_EXERCISE DIRECTIONS_. If pictures are present, leave them out, and copy the data word for word.

_Image-text web data_.
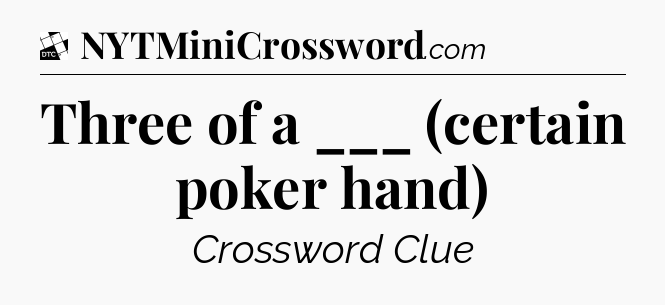 Three of a ___ (certain poker hand) - Daily Themed Classic Crossword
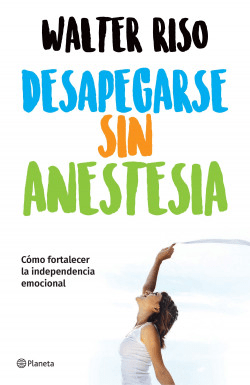 DESAPEGARSE SIN ANESTESIA-PLANETA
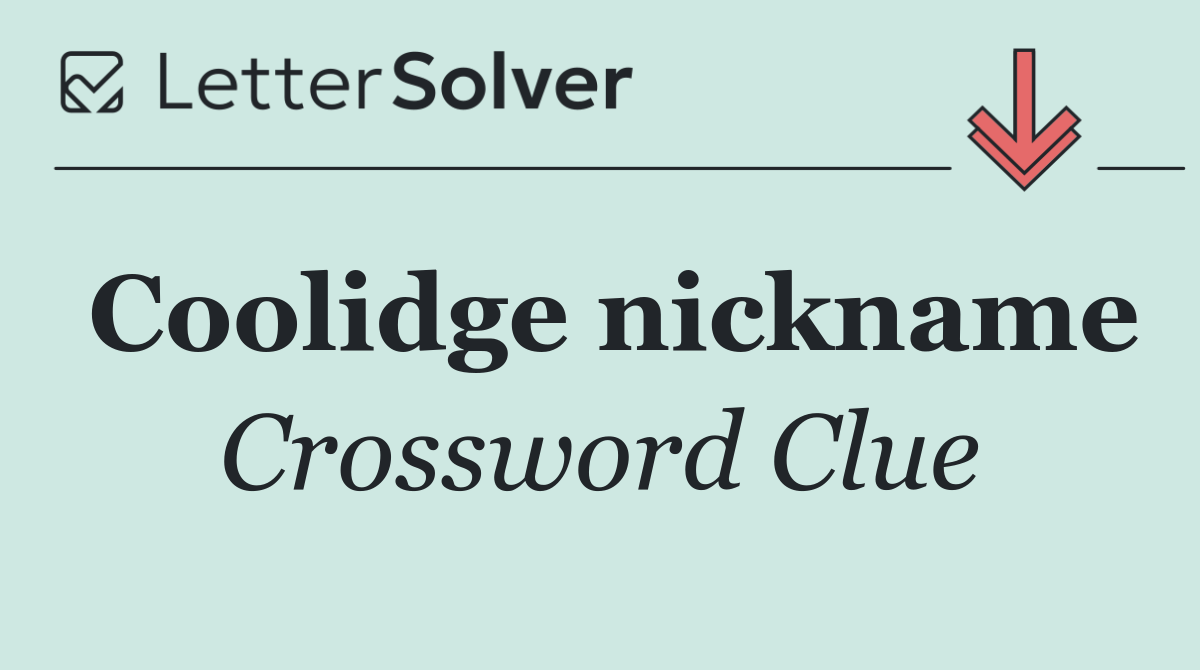 Coolidge nickname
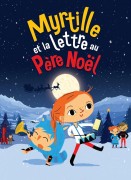 Myrtille et la lettre au Père Noël Voir Myrtille et la lettre au Père Noël en streaming et VOD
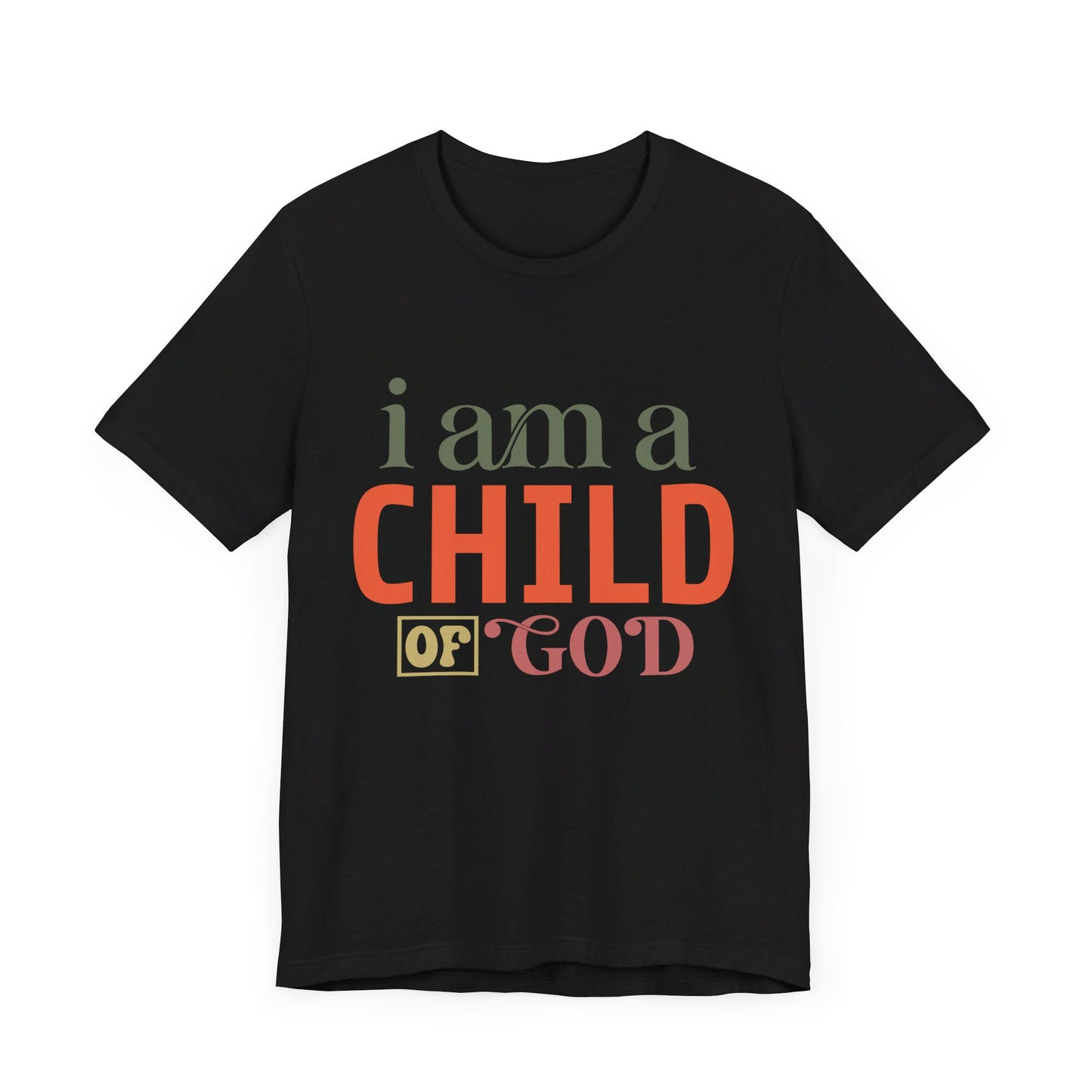 I Am A Child Of God Unisex Jersey Short Sleeve Tee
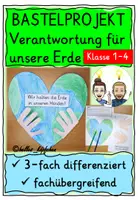 Vorschau - Stundenentwürfe - Bastelprojekt – Wir halten die Erde in unseren Händen - Deckblatt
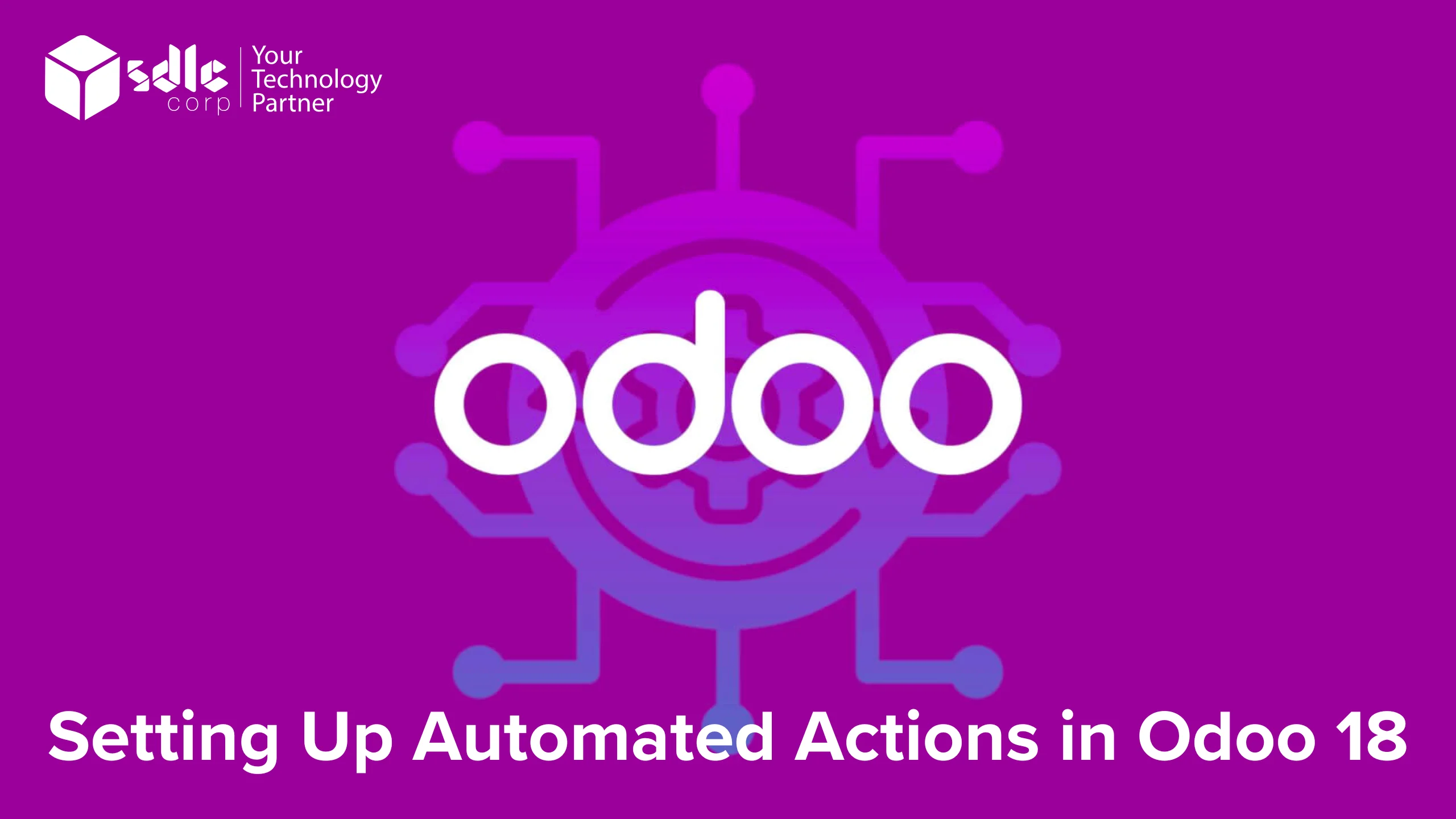 Setting Up Automated Actions in Odoo 18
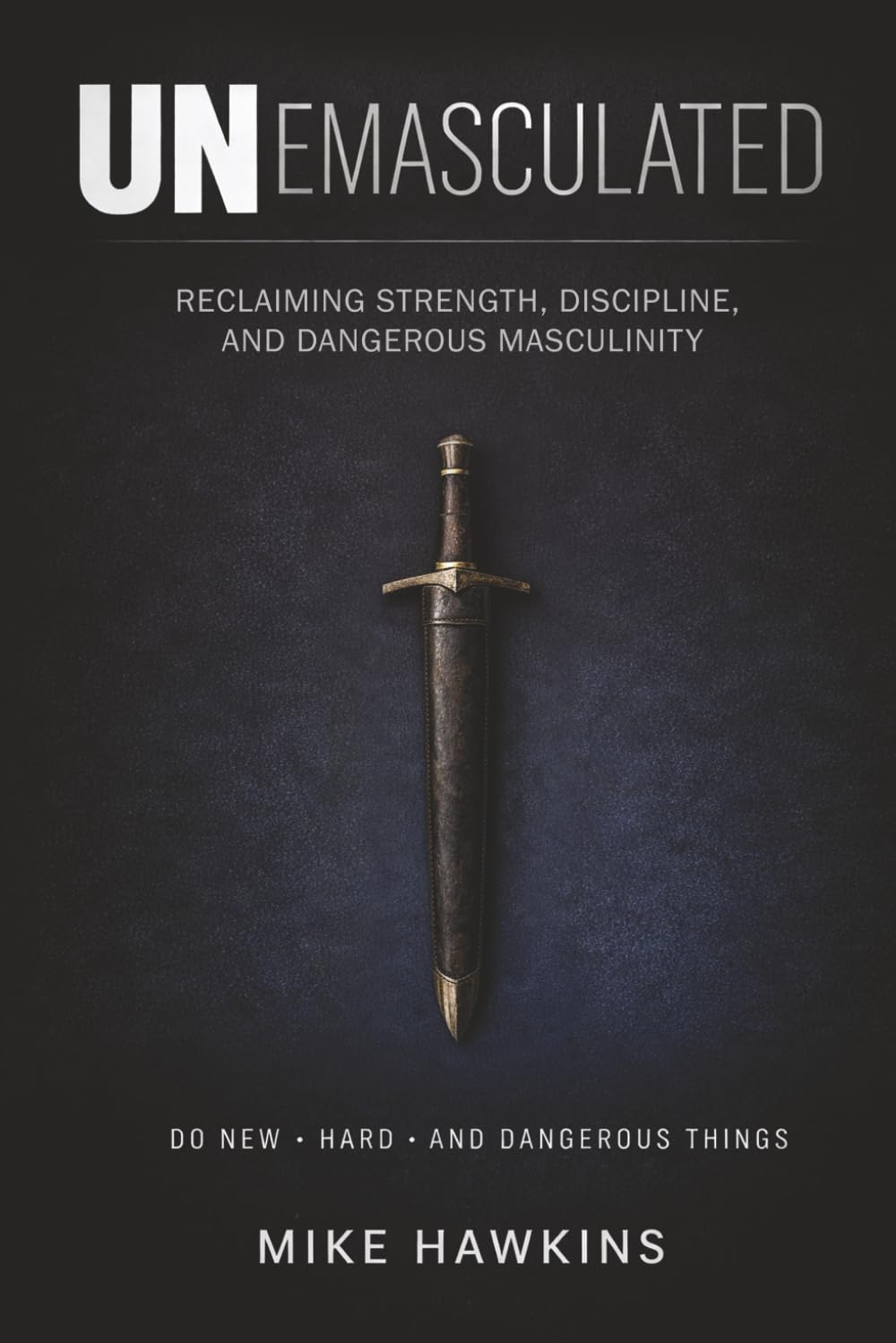 UNemasculated: Reclaiming Strength, Discipline, and Dangerous Masculinity (New, Hard, and Dangerous)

_OUTPUT OF THE EXERCISE_.
 Three of a ___ (certain poker hand) - Daily Themed Classic Crossword
 DESAPEGARSE SIN ANESTESIA-PLANETA
 Coolidge nickname
 Myrtille et la lettre au Père Noël Voir Myrtille et la lettre au Père Noël en streaming et VOD
 I Am A Child Of God Unisex Jersey Short Sleeve Tee
 Vorschau - Stundenentwürfe - Bastelprojekt – Wir halten die Erde in unseren Händen - Deckblatt
 Setting Up Automated Actions in Odoo 18
 UNemasculated: Reclaiming Strength, Discipline, and Dangerous Masculinity (New, Hard, and Dangerous)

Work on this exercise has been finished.